Alkhamrah B, Terada K, Yamaki M, Ali I M, Hanada K
Int J Adult Orthodon Orthognath Surg. 2001 Winter;16(4):243-54.
A longitudinal retrospective study using thin-plate spline analysis was used to investigate skeletal Class III etiology in Japanese female adolescents. Headfilms of 40 subjects were chosen from the archives of the Orthodontic department at Niigata University Dental Hospital, and were traced at IIIB and IVA Hellman dental ages. Twenty-eight homologous landmarks, representing hard and soft tissue, were digitized. These were used to reproduce a consensus for the profilogram, craniomaxillary complex, mandible, and soft tissue for each age and skeletal group. Generalized least-square analysis revealed a significant shape difference between age-matched groups (P < .001), except for the craniomaxillary complex at stage IVA. T test for size analysis showed unequivocally increased mandibular size in skeletal Class III, which directly increased the craniofacial size collectively (P < .05). A deviant profilogram showed anisotropy displaying as maxillary deficiency, acute cranial base, and obtuse gonial angle in addition to increased facial height at stage IIIB. Maxillary retrusion decreased while the mandible showed excessive incremental growth and a forward position caused by deficient orthocephalization at stage IVA. Craniomaxillary complex total spline and partial warps (PW)3 and 2 showed a maxillary retrusion at stage IIIB opposite an acute cranial base at stage IVA. Mandibular total spline and PW4, 5 showed changes affecting most landmarks and their spatial interrelationship, especially a stretch along the articulare-pogonion axis. In soft tissue analysis, PW8 showed large and local changes which paralleled the underlying hard tissue components. Allometry of the mandible and anisotropy of the cranial base, the maxilla, and the mandible asserted the complexity of craniofacial growth and the difficulty of predicting its outcome.

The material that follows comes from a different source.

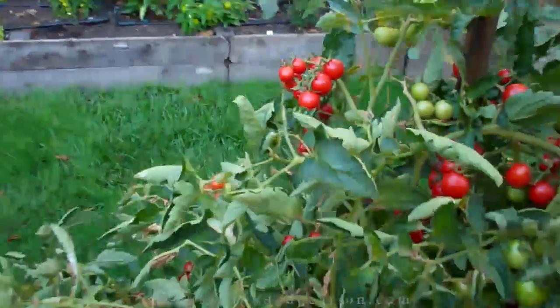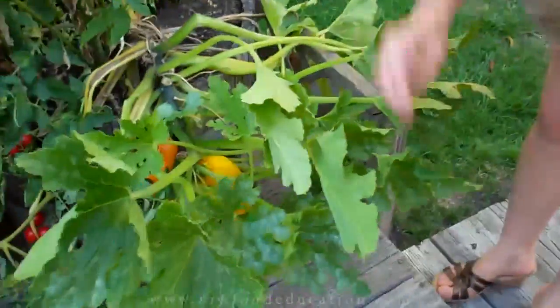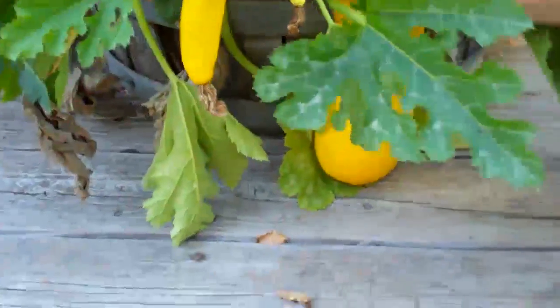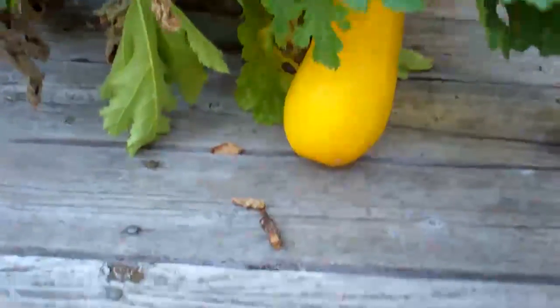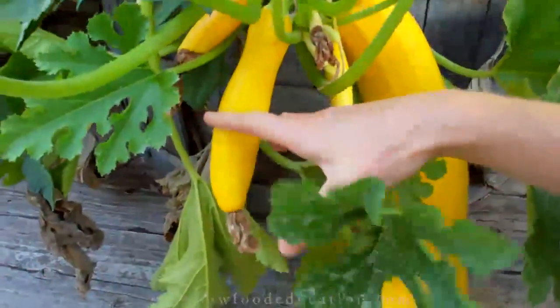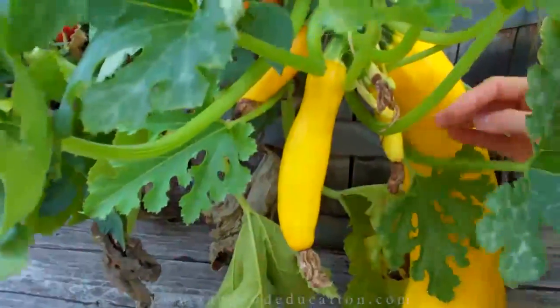There are so many cherry tomatoes everywhere — we're certainly going to have a cherry tomato feast in the next couple of weeks. Over here we have squash. Normally we don't let our squash get this big, but since we weren't here for a couple of weeks this one grew very big. We still have some smaller ones that we can shred up and eat raw.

一项采用薄板样条分析的纵向回顾性研究,旨在调查日本女性青少年骨骼III类错畸形的病因。从新潟大学齿科医院正畸科档案中选取40名受试者的头颅侧位片,并在IIIB期和IVA期赫尔曼牙龄时进行描迹。数字化了代表硬组织和软组织的28个同源标志点。这些标志点用于重现每个年龄和骨骼组的侧貌轮廓、颅上颌复合体、下颌骨和软组织的一致性。广义最小二乘法分析显示,除IVA期颅上颌复合体外,年龄匹配组之间存在显著的形态差异(P < 0.001)。大小分析的t检验明确显示,骨骼III类错畸形患者的下颌骨大小增加,这直接导致颅面部大小总体增加(P < 0.05)。异常的侧貌轮廓显示出各向异性,表现为上颌骨发育不足、颅底角锐和下颌角钝,此外在IIIB期面部高度增加。在IVA期,上颌后缩减少,而下颌显示出过度的增量生长以及由于垂直生长不足导致的前位。颅上颌复合体的全样条和部分变形(PW)3和2显示,IIIB期上颌后缩,而IVA期颅底角锐。下颌骨的全样条和PW4、5显示,大多数标志点及其空间相互关系发生变化,尤其是沿着关节点-颏前点轴的拉伸。在软组织分析中,PW8显示出与下方硬组织成分平行的大的局部变化。下颌骨的异速生长以及颅底、上颌骨和下颌骨的各向异性表明颅面部生长的复杂性以及预测其结果的难度。